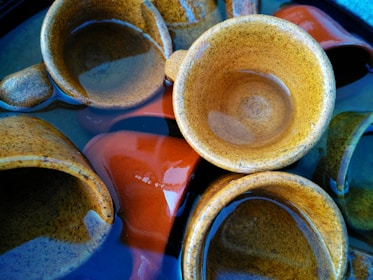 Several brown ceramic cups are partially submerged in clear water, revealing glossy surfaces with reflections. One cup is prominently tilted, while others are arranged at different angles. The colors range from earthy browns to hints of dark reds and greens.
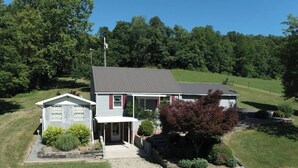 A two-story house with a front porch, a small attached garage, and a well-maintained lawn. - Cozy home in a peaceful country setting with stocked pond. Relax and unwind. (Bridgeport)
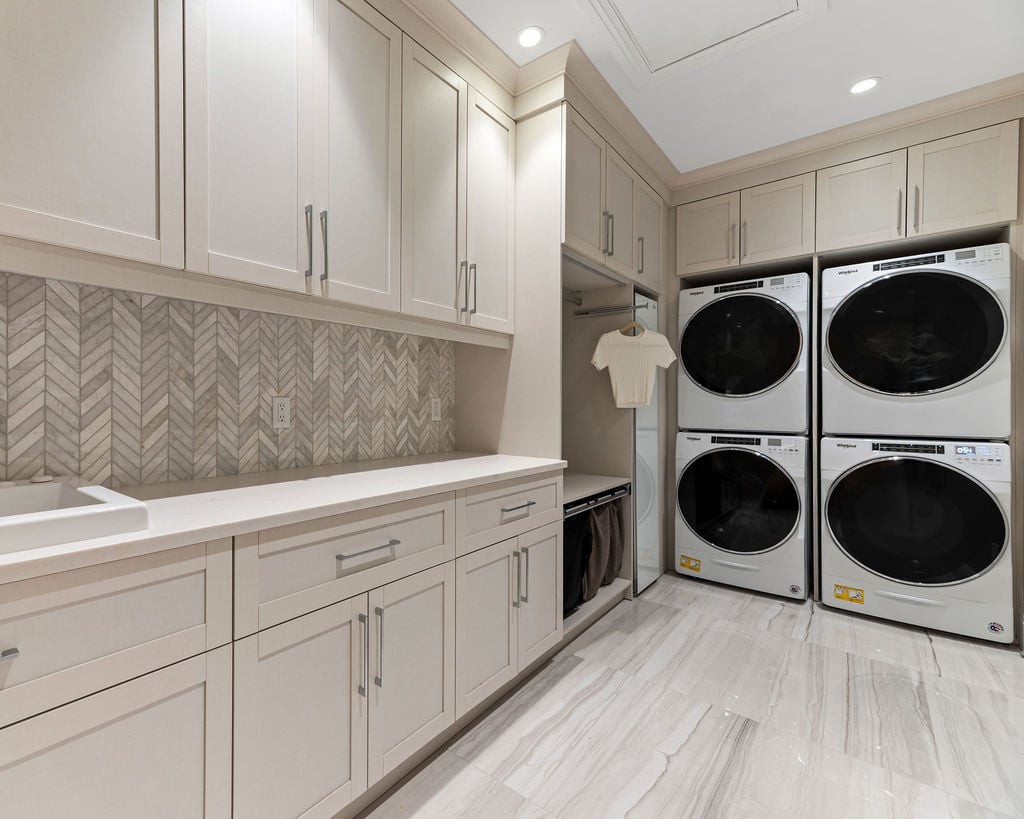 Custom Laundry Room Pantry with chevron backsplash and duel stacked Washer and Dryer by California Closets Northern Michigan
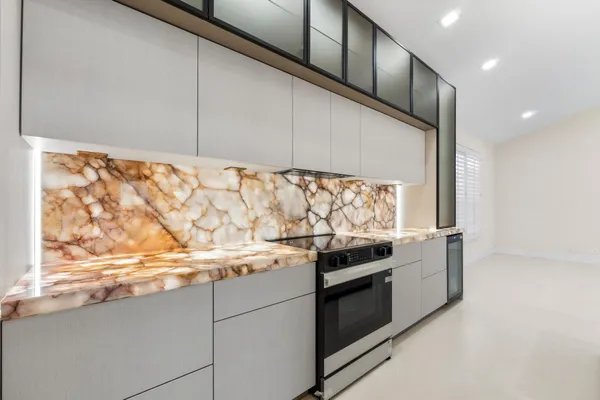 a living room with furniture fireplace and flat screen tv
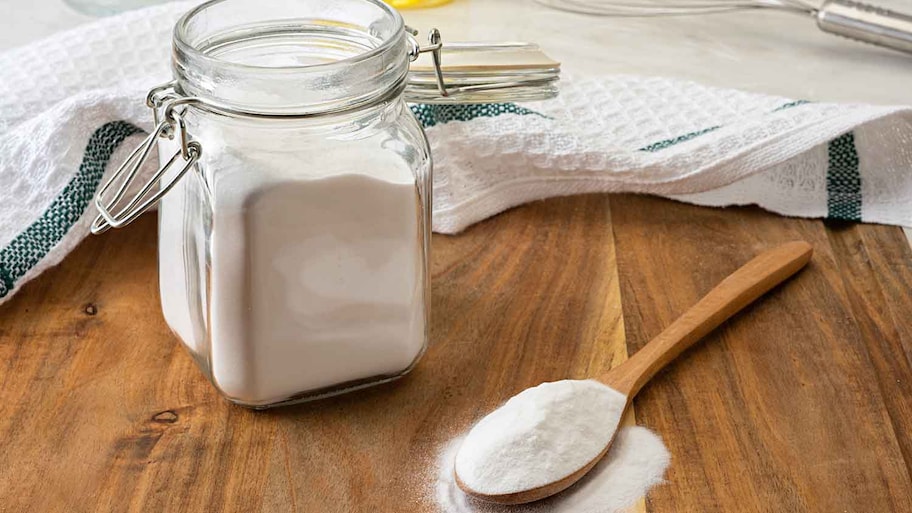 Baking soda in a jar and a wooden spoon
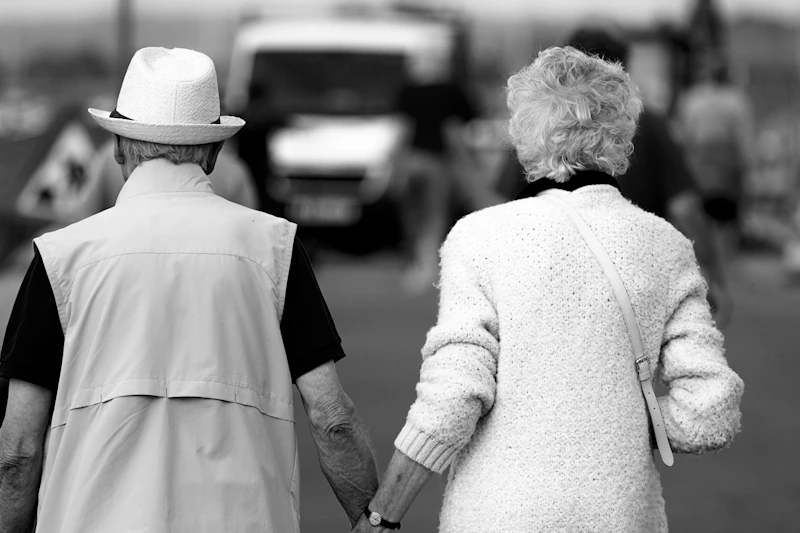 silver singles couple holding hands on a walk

* * *

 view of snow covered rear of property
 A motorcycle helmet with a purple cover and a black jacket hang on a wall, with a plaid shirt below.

• [What is needed]: Among the entries above, copy exactly the stretch from the line holding "Custom Laundry Room" through the line holding "silver singles couple", leaving out any pictures.

• [Answer to this task]:
 Custom Laundry Room Pantry with chevron backsplash and duel stacked Washer and Dryer by California Closets Northern Michigan
 a living room with furniture fireplace and flat screen tv
 Baking soda in a jar and a wooden spoon
 silver singles couple holding hands on a walk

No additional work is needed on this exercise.